Ongoing research plays a significant role in helping to tackle the problems of coastal erosion, inundation and in developing more effective management and adaptation.


Dr Darrell Strauss heads up the Coastal Resilience theme. His current research interests address the major challenges to coastal community of natural hazard and climate change.

Project Researchers

Research impacts

Storm surge modelling

Our Coastal and Marine Research Centre (formerly known as the Griffith Centre for Coastal Management) has modelled coastal processes on Queensland’s coastline, creating a comprehensive understanding of natural disasters. Through the Queensland Government’s $1.4 million Smart State Research–Industry Partnership Fund, the centre researched coastal erosion and inundation impacts of extreme storms. Further funding of $1 million granted by the Queensland Department of Employment, Economic Development and Innovation directed the centre to undertake research on storm surge modelling. Predicting where extreme storm impacts were likely to be experienced improved emergency management decision-making during extreme tropical cyclone storm tide events.
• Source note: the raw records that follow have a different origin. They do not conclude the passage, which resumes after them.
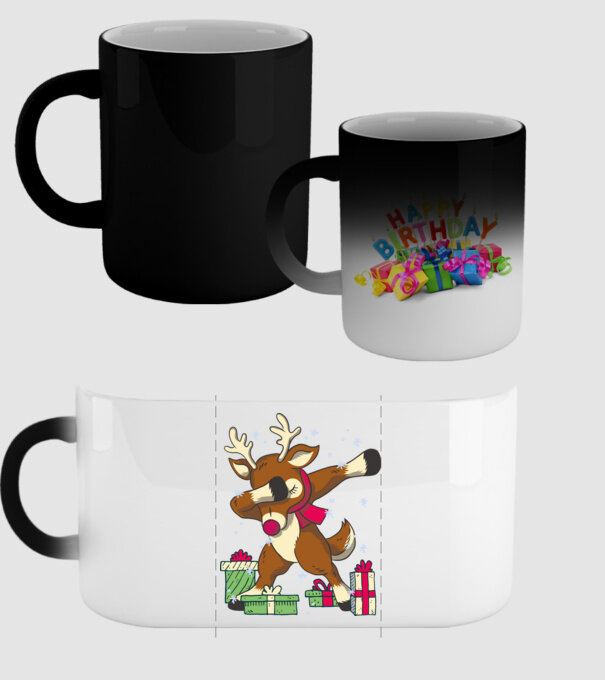 Rudolph DAB model negru pe tricou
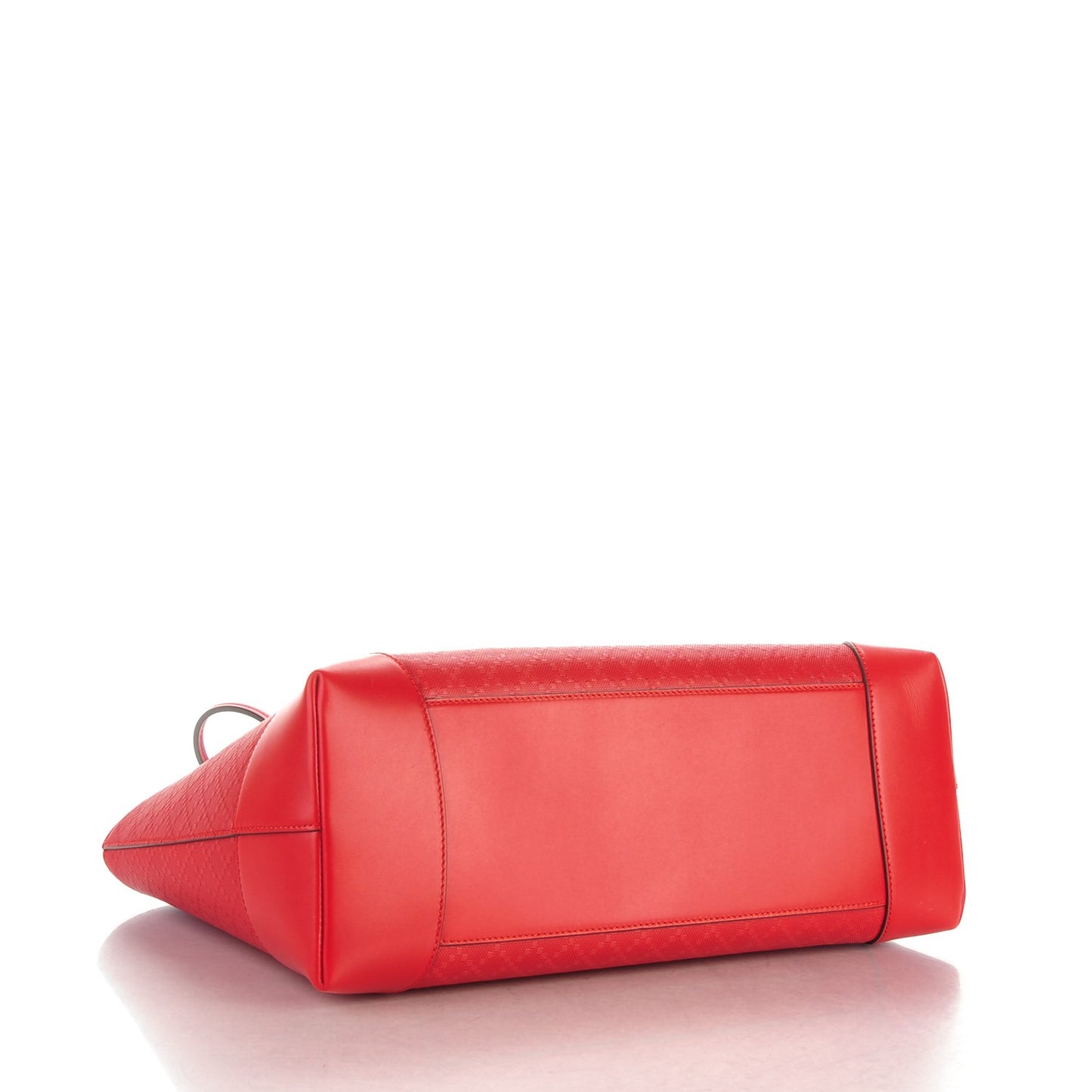 Hilary Lux Bright Diamante Medium Shopper Tote Tabasco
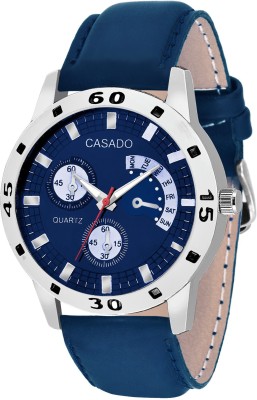Casado 206BUBU Chronograph Pattern Blue Watch  - For Men   Watches  (Casado)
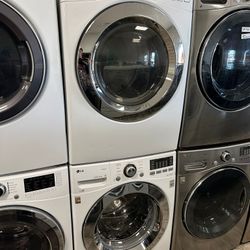 LG washer and dryer set electric with warranty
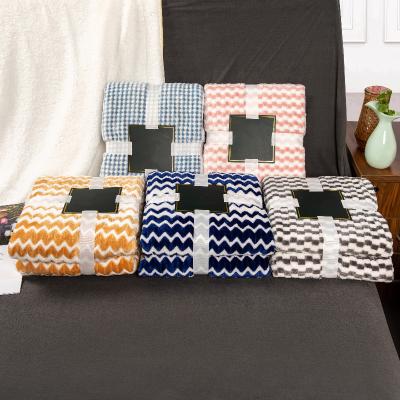 China Breathable Customize Blanket Checkerboard Double Side Blanket Soft Fleece Fleece With Luxury Flannel Blanket For Home for sale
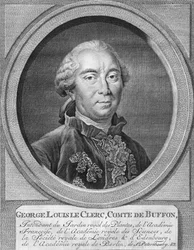 George Louis Leclerc, kreivi De Buffon, 1774.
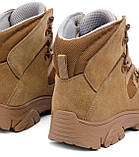 Демісезонні військові черевики Койот "Партизан", тактичні бежеві берці для армії ЗСУ, фото 4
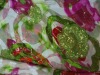 100%silk embroiderd burn-out chiffon fabric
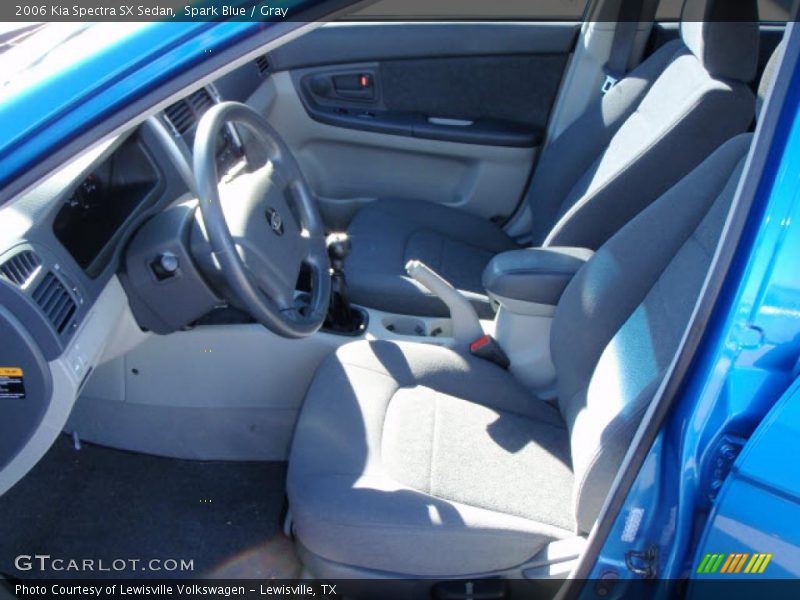 Spark Blue / Gray 2006 Kia Spectra SX Sedan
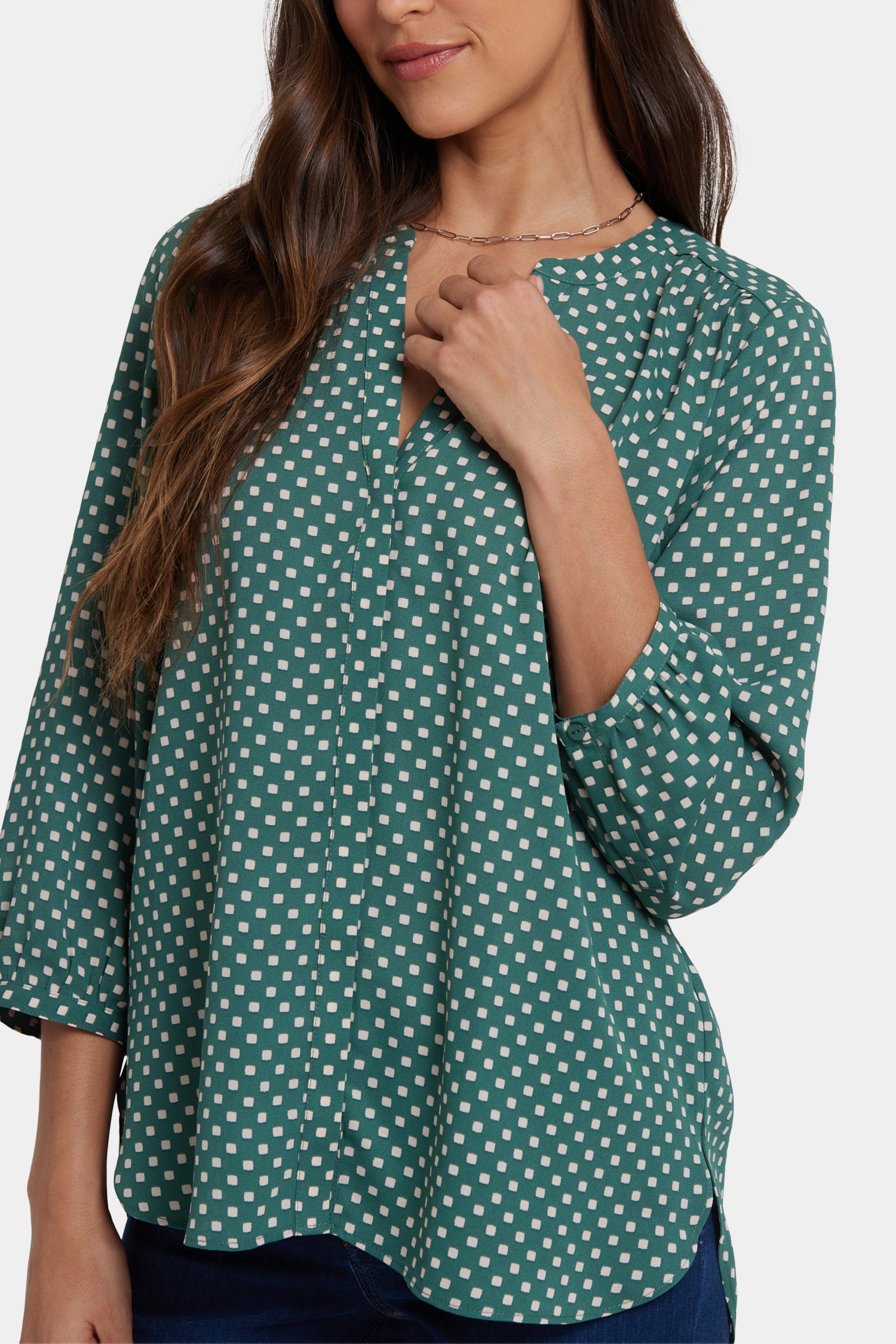 NYDJ Pintuck Blouse  - Adeline Dots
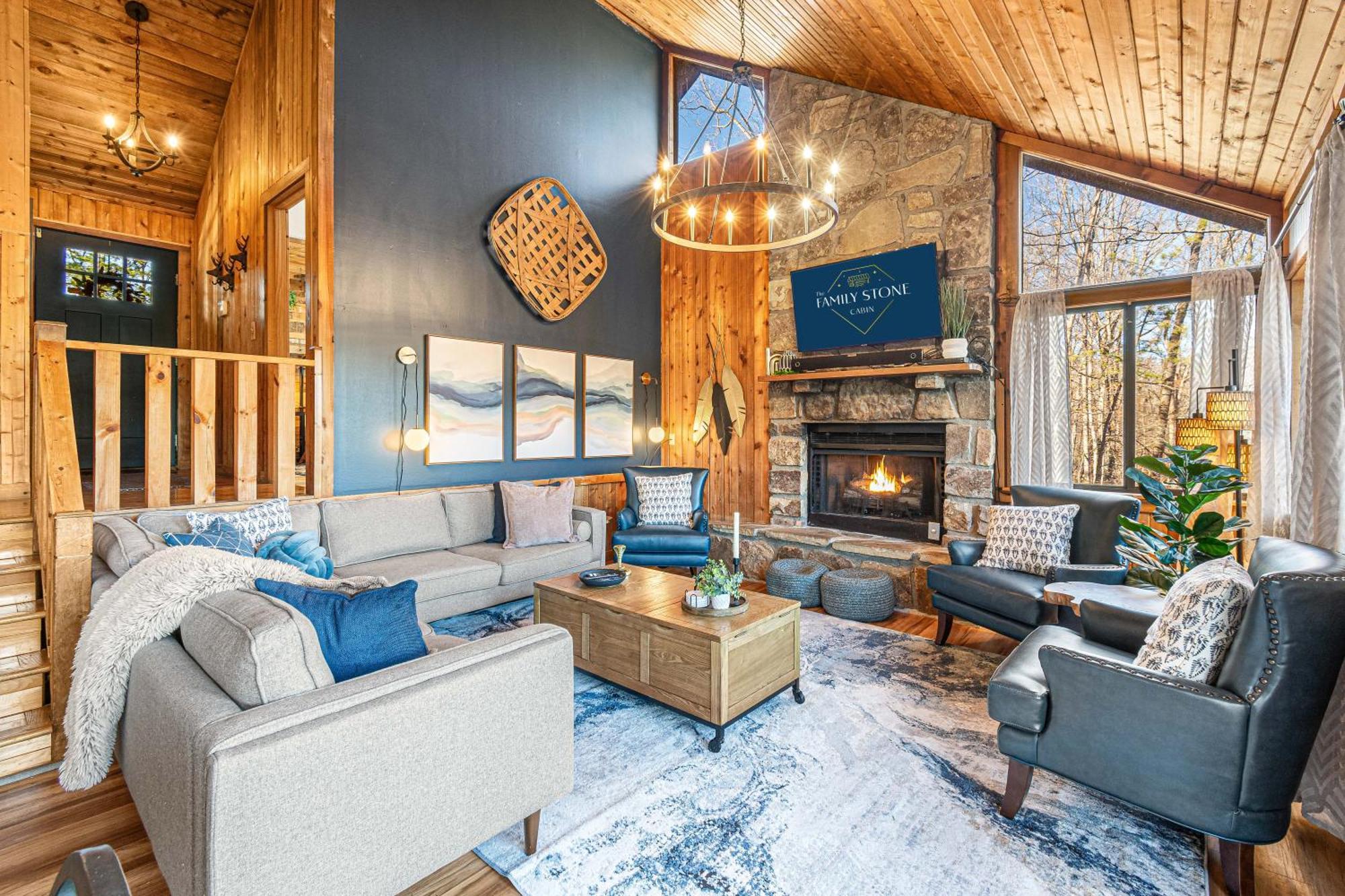 The Family Stone Luxe Cabin Sleeps 12 Hot Tub Dogfriendly Dollywood พิเจนฟอร์จ ภายนอก รูปภาพ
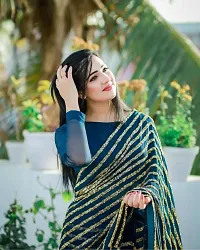 Stylish Fancy Designer Georgette Saree With Blouse Piece For Women-thumb1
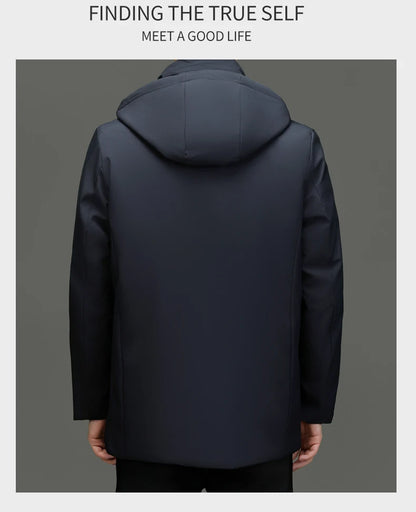 Top Grade Brand Casual Fashion Designer Warm Parka Coat Mens 2025 Newest Winter Jacket Quilted Windbreaker  Mens Clothes.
Partnering with the City of Gold Coast and DHI Water and Environment, the Griffith Centre for Coastal Management delivered its SmartRelease research project to ensure sustainable and improved management of recycled water release on the Gold Coast. This helped save ratepayers a considerable sum of money by deferring the $60 million duplication of the release pipeline. Research outcomes of the Centre have been applauded by Engineers Australia Queensland and the state branch of the Australian Water Association. For over a decade, the Griffith Centre for Coastal Management (now known as the  Coastal and Marine Research Centre) has partnered with the City of Gold Coast to initially develop a Shoreline Management Plan, and to provide ongoing coastal engineering research in support of the plan’s implementation. The plan provides recommendations to protect the City's beaches in times of major storm erosion events taking into consideration community, environmental and economic factors. The Centre also delivers a coastal community education program to enhance understanding of the coastal environment and the City's world-class beach management.